L’Épiphanie est la fête de l’entrée des nations non-croyantes (païennes) dans la communauté des croyants, par l’annonce de l’Évangile. Tous les peuples sont invités à entrer dans la grande famille de l’Église. Les rois mages sont les premiers “étrangers” à croire en Jésus-Christ, et une très ancienne tradition rapporte qu’ils furent baptisés très vite après l’Ascension, par les Apôtres eux-mêmes. Saint Grégoire de Nazianze fait aussi sur eux cette remarque fort intéressante, reprise par la récente encyclique de Benoît XVI, que le moment où les mages, guidés par l’étoile, adorèrent le nouveau roi, le Christ, marque la fin de l’astrologie, parce que désormais les étoiles tournaient selon l’orbite déterminée par le Christ (Spe Salvi, §5).

L’événement fondamental de ces rois mages, leur venue aux pieds du Christ, est une pierre milliaire dans l’Église en Orient, ce qui explique pourquoi nos frères orientaux, catholiques et orthodoxes, célèbrent Noël en ce jour, plutôt que le 25 décembre.
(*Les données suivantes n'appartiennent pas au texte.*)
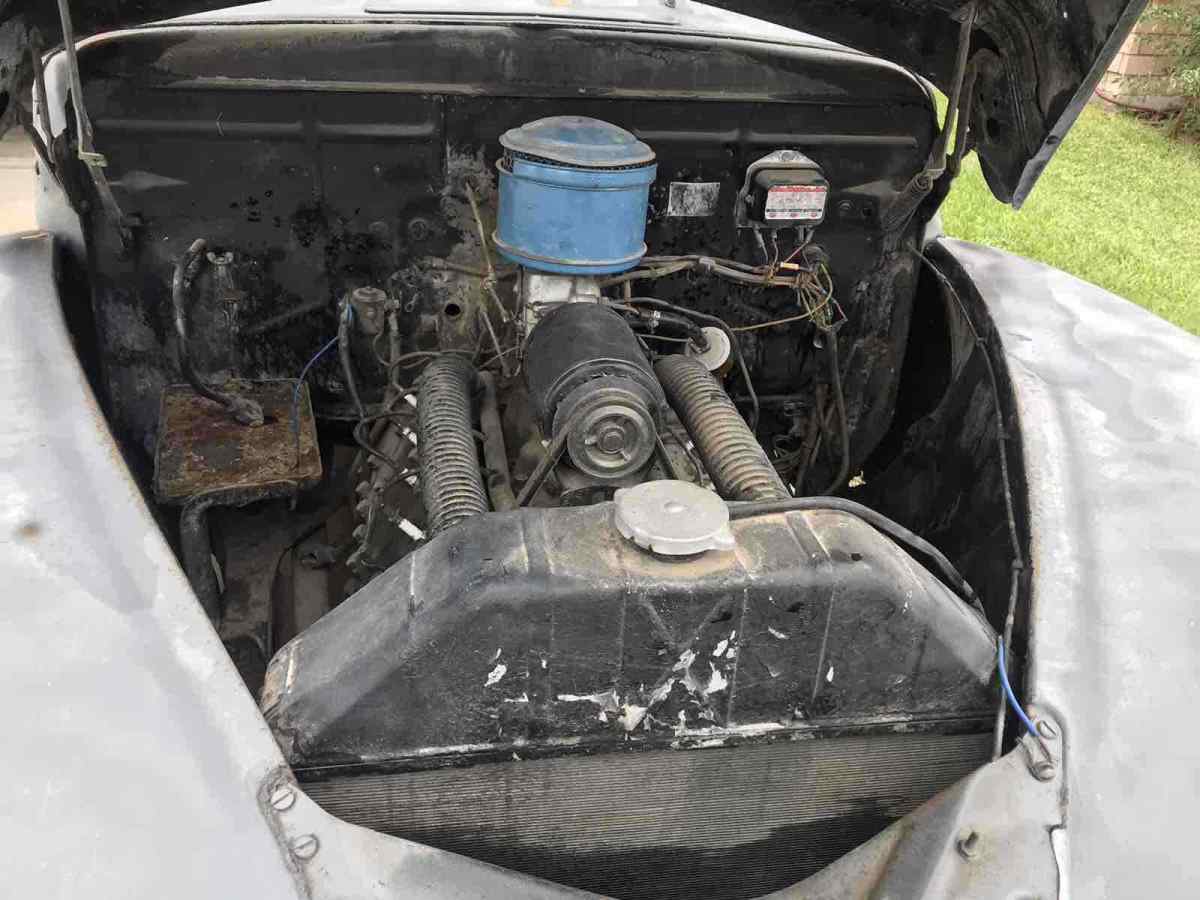 1941 Grey Ford Business Coupe Sports car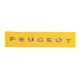 Напис Peugeot (201мм на 12мм) для Peugeot 3008 2008-2016 рр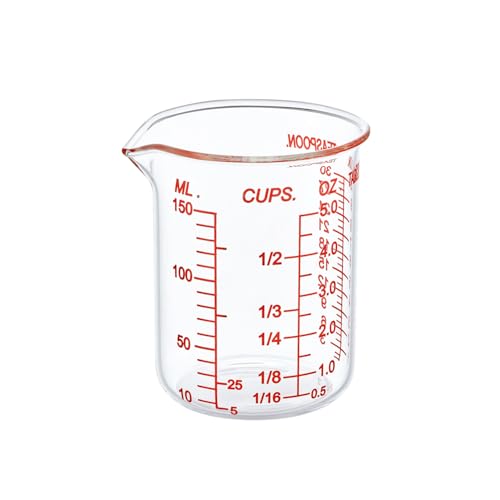 High Borosilicate Glass Measuring Cup (150 ML)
Des familles chrétiennes de nos régions font d’ailleurs cette distinction, de célébrer Noël (religieusement) le 25 décembre, et d’offrir leurs cadeaux aux enfants le 6 janvier. Idée judicieuse, qui permet d’expliquer plus adéquatement l’origine de ces cadeaux qu’on offre, comme les Mages offrirent des cadeaux à l’Enfant-Dieu nouveau-né. 
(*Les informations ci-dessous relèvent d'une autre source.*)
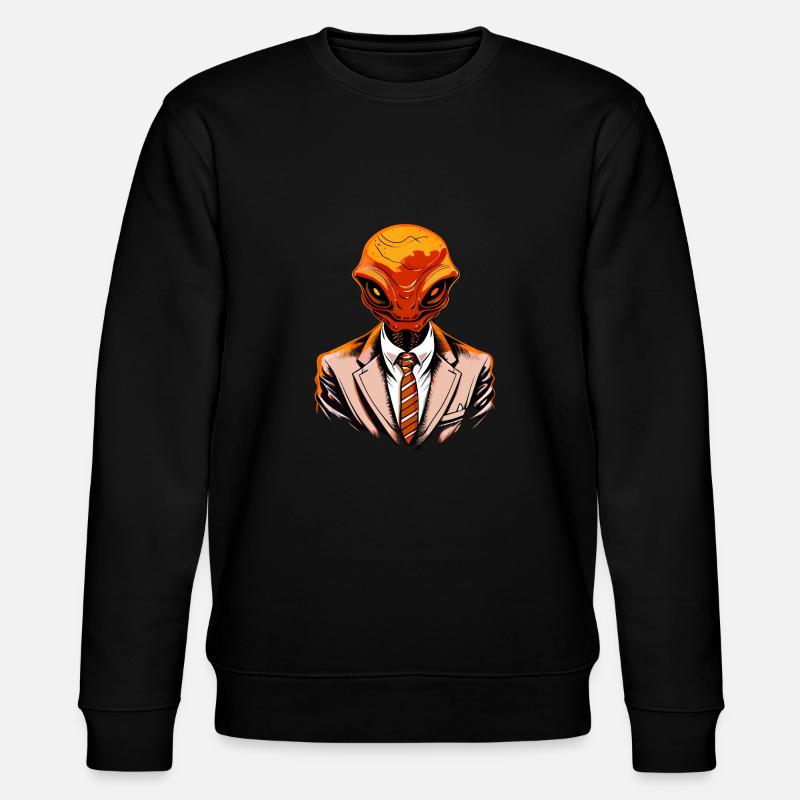 Excellence extraterrestre - Sweat bio CHANGER Stanley/Stella Unisexe - noir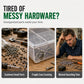 📢📢50% OFF !! ⏰ Portable Hardware Parts Organizer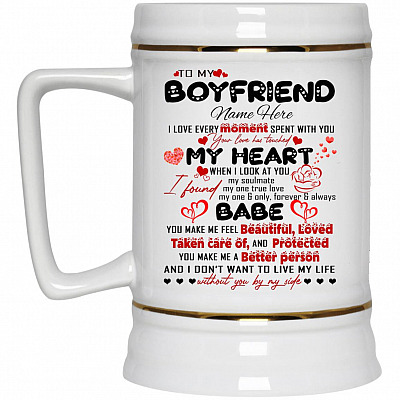 22 oz. Beer Stein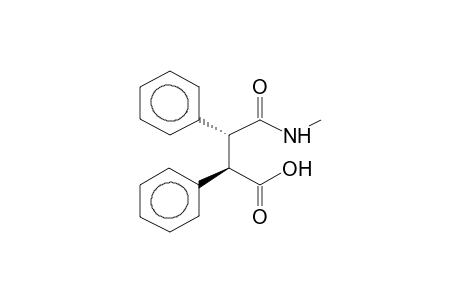 THREO-2,3-DIPHENYLSUCCINIC ACID, N-METHYLMONOAMIDE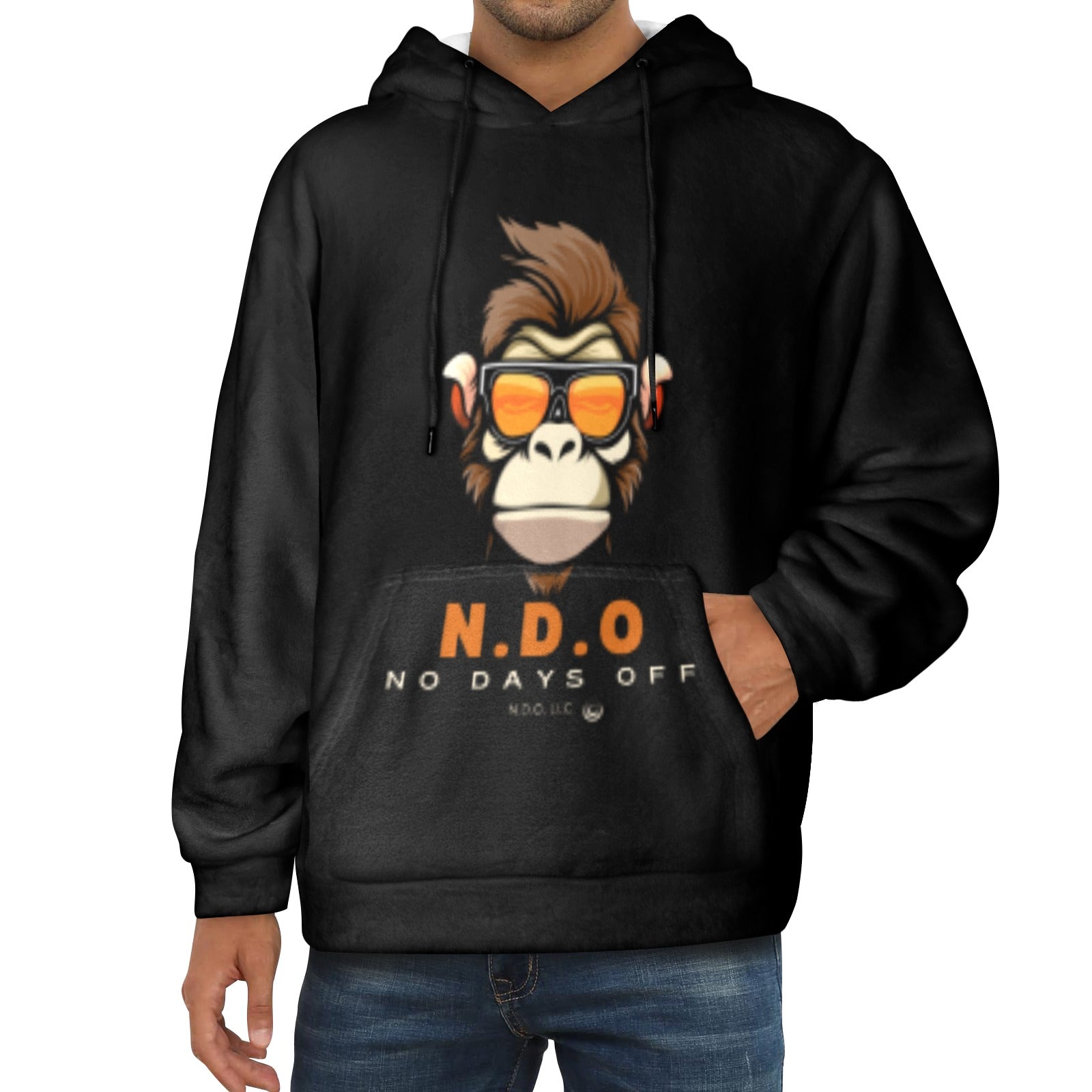 Men's NDO Cool Monkey Hoodie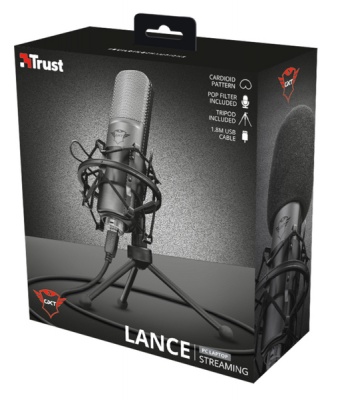 Photo of Trust - GXT 242 Lance Streaming Microphone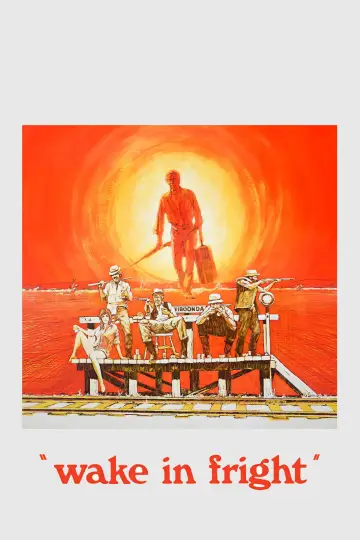 Poster to the movie "Wake in Fright" #1168778
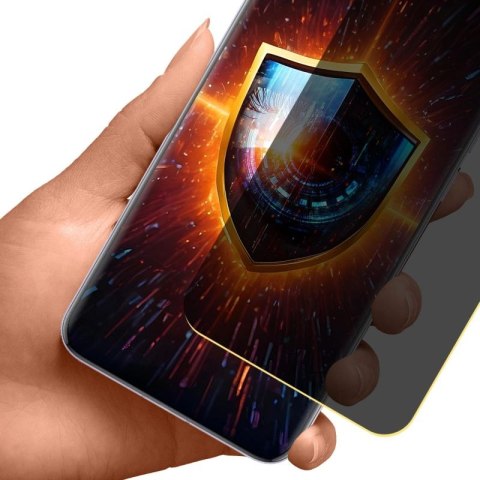Folia ochronna prywatyzująca matowa 3mk Silky Matt Privacy na Oppo Reno 13 Pro 3mk Protection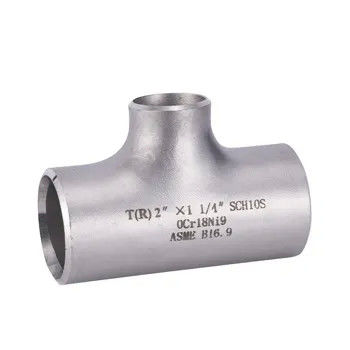 Threaded Reducing Tee Galvanized Malleable Cast Steel Tee Stainless Steel Pipe Fittings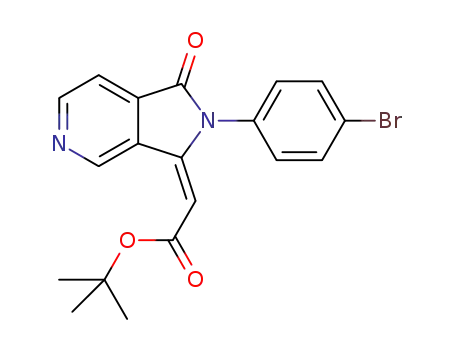 C<sub>19</sub>H<sub>17</sub>BrN<sub>2</sub>O<sub>3</sub>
Quand les traditions deviennent purement folkloriques, elles n’ont plus de sens. On “fait les fêtes” au moment de Noël, sans plus aucune référence au contenu historique de Noël ; Noël, c’est la naissance, et saint Léon nous dit que la naissance de la Tête, c’est la naissance du Corps (de l’Église). On ne parle pas du Sauveur, et tous les lampions qu’on allume partout à grands frais ne signifient pas grand-chose dans notre société dangereusement laïque. C’est même à se demander pourquoi on continue de souhaiter de “Joyeuses Fêtes”, sans trop se poser la question : En réalité, fêtes de quoi ?

Il ne manquera pas une association, pas un club, pas une famille, où l’on ne “tirera les rois”, dans la mesure où la fève cachée dans la galette représentera encore un roi… ou une reine ; mais quand la fève est une figurine quelconque… 

Fêtons chrétiennement l’Épiphanie, le jour où les païens ont reçu la “manifestation” de Dieu – c’est le sens du mot grec epiphania. Unissons notre prière à celle de nos frères en Orient, pour que d’une seule voix et d’un seul mouvement nous venions ensemble nous prosterner devant le Roi des Juifs qui vient de naître.